A pesar de que en un principio Barcelona acató al nuevo monarca Felipe V, lo cierto es que poco después se decantaría por el Archiduque Carlos al que nombró emperador en 1711. En Aragón y Valencia la situación era bien diferente y comenzaba a plantearse una cuestión de centralismo castellano frente al federalismo aragonés decantándose por el apoyo al Archiduque. Este apoyo fue decisivo para la pérdida de sus derechos forales tras la aplicación de los decretos de Nueva Planta.
Dada la proximidad de las tropas borbónicas que habían conseguido controlar varios territorios como Caudete, Villena, Elda, Novelda, Elche, etc y ante el cariz que estaban tomando los acontecimientos a principios de 1707, el Archiduque Carlos decidió abandonar la ciudad de Valencia donde se encontraba para marchar hacia Barcelona con la intención de instalar su corte en estos territorios.
Los generales austracistas Galway y Das Minas se anticiparon al ejército borbónico y elaboraron un plan para asestar un duro golpe a las tropas de Berwick. Éste se encontraba en las proximidades de Almansa esperando los refuerzos que tenían que llegar por el norte a cargo del duque de Orleans. El factor sorpresa fue insuficiente para contrarrestar la superioridad de la caballería borbónica que acabó con el inexperto, variopinto y desorganizado ejército austracista. Su derrota despejó y allanó el camino de las tropas borbónicas hacia Valencia que cayó un mes más tarde, junto a numerosas ciudades y villas de toda la región.
Berwick contó con la caballería española y la francesa, además de una unidad irlandesa.
Berwick formó su ejército en dos líneas justo enfrente de Almansa, con la caballería española en el ala derecha y la caballería francesa en el ala izquierda. La infantería en el centro.
El orden de la disposición de Galway fue ligeramente diferente. Dispuso sus fuerzas en dos líneas pero mezcló la caballería y la infantería en ambas alas. Componía este ejército un total aproximado de 15 a 16000 hombres de muy diversa procedencia, holandeses, hugonotes, británicos y portugueses. Das Minas había solicitado que la caballería portuguesa se colocase en el ala derecha.

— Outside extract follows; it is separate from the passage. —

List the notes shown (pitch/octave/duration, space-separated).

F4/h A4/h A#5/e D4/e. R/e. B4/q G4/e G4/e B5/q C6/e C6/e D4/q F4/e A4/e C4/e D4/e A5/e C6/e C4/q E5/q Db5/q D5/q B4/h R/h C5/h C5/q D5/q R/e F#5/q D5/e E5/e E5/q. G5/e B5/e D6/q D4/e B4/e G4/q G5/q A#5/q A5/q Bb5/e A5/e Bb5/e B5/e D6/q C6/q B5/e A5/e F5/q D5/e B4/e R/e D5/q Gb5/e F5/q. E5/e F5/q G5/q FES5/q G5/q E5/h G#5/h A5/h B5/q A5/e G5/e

Las unidades británicas presentes eran los Bays, dragones 3,4 y 8, así como los dragones de Peterborough y Pearce, también un batallón mixto de granaderos y de la guardia Coldstream, los batallones de línea 2,6,9,11,17,28,33,35 y 36, así como la Infantería de Mountjoy, Breton, Bowle y Mark Kerr.

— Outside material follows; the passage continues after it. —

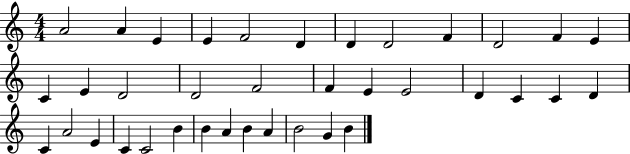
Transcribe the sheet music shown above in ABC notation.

…"Los cañones de nuestra derecha comenzaron a disparar a las tres, pero apenas habían lanzado 20 andanadas cuando el enemigo, habiendo pasado un gran camino en hondo, que estaba enfrente de su izquierda, se apoderó de la altura donde estaba emplazada esta batería, ante lo cual ordené a nuestro ejército que avanzase para atacar. La batalla comenzó por la derecha; nuestra caballería cargó sobre la izquierda del enemigo con tanta bravura que consiguió abrir brecha en ella, pero la infantería enemiga hizo fuego tan intenso sobre los nuestros, que se vieron obligados a ceder; nuestra caballería, sin embargo, se rehizo de nuevo y volvió a cargar sobre el enemigo, que se había rehecho al amparo de su infantería ; con este ataque el enemigo fue nuevamente quebrantado, pero el fuego de los batallones obligó una vez más a nuestra caballería a retirarse. Viendo que sería difícil para nuestra ala derecha tener éxito sin infantería, hice que la brigada de Maine, mandada por M. de Bulkeley, avanzase desde la segunda línea; esta brigada atacó a la infantería enemiga y la derrotó por completo; nuestra caballería cargó al propio tiempo y entonces el ala izquierda fue completamente derrotada.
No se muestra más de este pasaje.